━━━ DATA PROVIDED

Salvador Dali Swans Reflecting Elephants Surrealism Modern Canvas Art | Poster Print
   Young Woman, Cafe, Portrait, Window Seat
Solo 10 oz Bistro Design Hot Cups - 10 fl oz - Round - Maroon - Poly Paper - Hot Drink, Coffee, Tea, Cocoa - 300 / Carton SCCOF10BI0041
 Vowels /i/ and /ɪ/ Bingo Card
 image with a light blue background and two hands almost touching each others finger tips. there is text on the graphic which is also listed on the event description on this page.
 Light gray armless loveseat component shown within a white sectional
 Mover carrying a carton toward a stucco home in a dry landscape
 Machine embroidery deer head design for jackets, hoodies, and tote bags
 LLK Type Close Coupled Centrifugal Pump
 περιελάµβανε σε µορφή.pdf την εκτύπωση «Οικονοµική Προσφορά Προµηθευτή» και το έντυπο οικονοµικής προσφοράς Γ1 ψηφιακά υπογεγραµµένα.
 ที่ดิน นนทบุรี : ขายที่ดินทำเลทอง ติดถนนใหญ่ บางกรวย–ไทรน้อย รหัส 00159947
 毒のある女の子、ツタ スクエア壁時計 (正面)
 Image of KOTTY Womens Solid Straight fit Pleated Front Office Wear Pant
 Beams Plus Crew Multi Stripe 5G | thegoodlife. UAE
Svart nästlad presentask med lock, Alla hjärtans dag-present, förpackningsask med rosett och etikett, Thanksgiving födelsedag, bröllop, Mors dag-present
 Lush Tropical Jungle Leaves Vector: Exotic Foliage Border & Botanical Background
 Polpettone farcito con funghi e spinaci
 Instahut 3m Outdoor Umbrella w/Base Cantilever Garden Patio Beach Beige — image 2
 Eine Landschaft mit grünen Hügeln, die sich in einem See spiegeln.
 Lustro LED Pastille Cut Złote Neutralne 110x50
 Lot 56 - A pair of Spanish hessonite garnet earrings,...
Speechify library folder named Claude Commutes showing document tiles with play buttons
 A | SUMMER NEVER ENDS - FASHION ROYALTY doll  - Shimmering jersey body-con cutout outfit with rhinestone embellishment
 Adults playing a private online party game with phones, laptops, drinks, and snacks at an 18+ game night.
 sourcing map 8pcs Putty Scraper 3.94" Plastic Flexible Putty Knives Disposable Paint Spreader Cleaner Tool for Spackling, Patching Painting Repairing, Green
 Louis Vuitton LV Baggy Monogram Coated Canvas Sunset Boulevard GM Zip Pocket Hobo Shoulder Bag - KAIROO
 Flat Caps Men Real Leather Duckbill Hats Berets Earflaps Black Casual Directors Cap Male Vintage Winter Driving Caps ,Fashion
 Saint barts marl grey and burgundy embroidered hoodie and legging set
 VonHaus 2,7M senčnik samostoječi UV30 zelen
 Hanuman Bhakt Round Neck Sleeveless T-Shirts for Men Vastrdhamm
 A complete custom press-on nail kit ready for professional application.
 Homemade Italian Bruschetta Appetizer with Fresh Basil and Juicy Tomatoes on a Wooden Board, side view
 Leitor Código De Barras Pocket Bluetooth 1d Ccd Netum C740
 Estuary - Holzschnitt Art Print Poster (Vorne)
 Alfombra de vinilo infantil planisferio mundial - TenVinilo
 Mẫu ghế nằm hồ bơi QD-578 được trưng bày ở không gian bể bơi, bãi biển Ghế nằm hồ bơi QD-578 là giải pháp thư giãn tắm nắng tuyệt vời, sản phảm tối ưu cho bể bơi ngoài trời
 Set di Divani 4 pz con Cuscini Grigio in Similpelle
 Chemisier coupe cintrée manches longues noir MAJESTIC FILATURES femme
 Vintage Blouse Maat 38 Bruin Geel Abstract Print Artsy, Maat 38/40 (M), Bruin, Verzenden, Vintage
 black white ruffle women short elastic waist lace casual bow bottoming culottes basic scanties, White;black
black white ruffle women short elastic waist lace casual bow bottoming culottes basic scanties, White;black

━━━━━━

> TASK INSTRUCTIONS:
When you reach the line containing "A complete custom" in the data above, retype it and each line after it through the final one, exactly as written.

> RESPONSE:
 A complete custom press-on nail kit ready for professional application.
 Homemade Italian Bruschetta Appetizer with Fresh Basil and Juicy Tomatoes on a Wooden Board, side view
 Leitor Código De Barras Pocket Bluetooth 1d Ccd Netum C740
 Estuary - Holzschnitt Art Print Poster (Vorne)
 Alfombra de vinilo infantil planisferio mundial - TenVinilo
 Mẫu ghế nằm hồ bơi QD-578 được trưng bày ở không gian bể bơi, bãi biển Ghế nằm hồ bơi QD-578 là giải pháp thư giãn tắm nắng tuyệt vời, sản phảm tối ưu cho bể bơi ngoài trời
 Set di Divani 4 pz con Cuscini Grigio in Similpelle
 Chemisier coupe cintrée manches longues noir MAJESTIC FILATURES femme
 Vintage Blouse Maat 38 Bruin Geel Abstract Print Artsy, Maat 38/40 (M), Bruin, Verzenden, Vintage
 black white ruffle women short elastic waist lace casual bow bottoming culottes basic scanties, White;black
black white ruffle women short elastic waist lace casual bow bottoming culottes basic scanties, White;black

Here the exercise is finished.